What to work on:
Working from the listing below, set down every line exactly.
----
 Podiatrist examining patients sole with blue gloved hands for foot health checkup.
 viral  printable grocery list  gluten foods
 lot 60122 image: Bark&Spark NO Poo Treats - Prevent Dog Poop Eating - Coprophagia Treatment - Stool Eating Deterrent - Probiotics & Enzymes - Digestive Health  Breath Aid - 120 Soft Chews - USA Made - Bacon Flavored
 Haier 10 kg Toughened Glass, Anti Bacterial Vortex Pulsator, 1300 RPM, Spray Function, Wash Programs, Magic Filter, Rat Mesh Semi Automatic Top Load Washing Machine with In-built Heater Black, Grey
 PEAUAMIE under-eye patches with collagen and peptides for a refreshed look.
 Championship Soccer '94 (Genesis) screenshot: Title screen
----
Answer section:
 Podiatrist examining patients sole with blue gloved hands for foot health checkup.
 viral  printable grocery list  gluten foods
 lot 60122 image: Bark&Spark NO Poo Treats - Prevent Dog Poop Eating - Coprophagia Treatment - Stool Eating Deterrent - Probiotics & Enzymes - Digestive Health  Breath Aid - 120 Soft Chews - USA Made - Bacon Flavored
 Haier 10 kg Toughened Glass, Anti Bacterial Vortex Pulsator, 1300 RPM, Spray Function, Wash Programs, Magic Filter, Rat Mesh Semi Automatic Top Load Washing Machine with In-built Heater Black, Grey
 PEAUAMIE under-eye patches with collagen and peptides for a refreshed look.
 Championship Soccer '94 (Genesis) screenshot: Title screen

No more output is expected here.